4. Hint: The RP2350 uses little-endian encoding, so the bytes are "backwards"
**Example:**
If you see bytes: `CC 19 00 10`
Read backwards: `10 00 19 CC` = `0x100019CC`
##### Challenge 2: Understand the Indirection
1. In C, if we want to load an address, we do: `char *ptr = &some_string;`
2. Then to use it: `printf(ptr);`
3. In assembly, this becomes:
- Load the pointer: `ldr r0, [DAT_...]`
- Call the function: `bl printf`
4. Can you see this pattern in the assembly?
##### Challenge 3: Follow Multiple References
1. Try this with different data items in the binary
2. Find a data reference that has **multiple** cross-references
3. What data is used in more than one place?

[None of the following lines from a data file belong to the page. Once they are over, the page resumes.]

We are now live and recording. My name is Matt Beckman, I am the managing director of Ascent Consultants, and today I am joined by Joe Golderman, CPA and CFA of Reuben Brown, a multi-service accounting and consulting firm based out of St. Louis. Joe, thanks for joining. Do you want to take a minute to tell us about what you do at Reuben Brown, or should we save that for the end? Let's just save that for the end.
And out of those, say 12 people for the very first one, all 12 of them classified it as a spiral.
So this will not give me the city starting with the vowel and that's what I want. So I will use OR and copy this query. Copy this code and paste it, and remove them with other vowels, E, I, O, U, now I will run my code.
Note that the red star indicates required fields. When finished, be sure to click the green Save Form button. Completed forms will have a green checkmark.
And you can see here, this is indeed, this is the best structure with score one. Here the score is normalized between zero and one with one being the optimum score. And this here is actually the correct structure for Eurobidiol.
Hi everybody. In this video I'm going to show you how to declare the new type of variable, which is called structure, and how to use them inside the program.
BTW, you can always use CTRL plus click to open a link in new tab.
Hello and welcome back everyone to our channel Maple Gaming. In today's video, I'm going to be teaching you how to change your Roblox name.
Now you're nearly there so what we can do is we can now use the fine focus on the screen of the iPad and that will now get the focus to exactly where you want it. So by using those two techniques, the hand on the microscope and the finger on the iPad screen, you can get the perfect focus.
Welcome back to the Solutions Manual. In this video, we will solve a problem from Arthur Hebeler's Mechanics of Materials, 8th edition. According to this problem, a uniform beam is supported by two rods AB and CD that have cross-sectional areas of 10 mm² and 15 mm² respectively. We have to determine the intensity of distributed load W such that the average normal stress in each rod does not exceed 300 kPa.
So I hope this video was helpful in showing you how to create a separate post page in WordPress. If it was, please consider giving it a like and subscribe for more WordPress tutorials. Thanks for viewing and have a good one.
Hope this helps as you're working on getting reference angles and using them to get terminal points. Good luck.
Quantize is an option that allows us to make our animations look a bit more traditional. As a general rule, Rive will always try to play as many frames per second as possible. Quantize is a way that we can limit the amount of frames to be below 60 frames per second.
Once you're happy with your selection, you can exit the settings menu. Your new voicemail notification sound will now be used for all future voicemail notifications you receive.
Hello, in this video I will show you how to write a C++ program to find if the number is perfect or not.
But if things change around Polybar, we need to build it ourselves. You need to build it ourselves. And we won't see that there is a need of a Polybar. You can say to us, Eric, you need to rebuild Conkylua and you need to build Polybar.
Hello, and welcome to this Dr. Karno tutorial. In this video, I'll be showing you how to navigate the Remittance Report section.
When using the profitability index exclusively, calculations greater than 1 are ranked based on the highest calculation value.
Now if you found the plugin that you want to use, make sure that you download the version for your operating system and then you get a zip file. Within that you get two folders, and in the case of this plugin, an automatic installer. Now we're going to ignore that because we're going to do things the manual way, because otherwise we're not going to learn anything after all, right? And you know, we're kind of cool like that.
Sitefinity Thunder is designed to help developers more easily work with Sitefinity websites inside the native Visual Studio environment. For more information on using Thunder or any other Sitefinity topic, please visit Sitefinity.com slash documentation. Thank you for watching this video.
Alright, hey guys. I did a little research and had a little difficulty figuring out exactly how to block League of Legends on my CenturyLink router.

#### Questions for Reflection
1. **Why does the code need to load an address from memory?**
- Why can't it just use the address directly?
- Hint: Position-independent code and memory protection
2. **What's the relationship between `DAT_10000244` and the "hello, world" string?**
- They're at different addresses - why?
- Which is in Flash and which points to where it's stored?
3. **If we wanted to change what gets printed, where would we modify the code?**
- Could we just change the string at address `0x100019CC`?
- Or would we need to change `DAT_10000244`?
- Or both?
4. **How does this relate to memory layout?**
- Code section (Flash memory starting at `0x10000000`)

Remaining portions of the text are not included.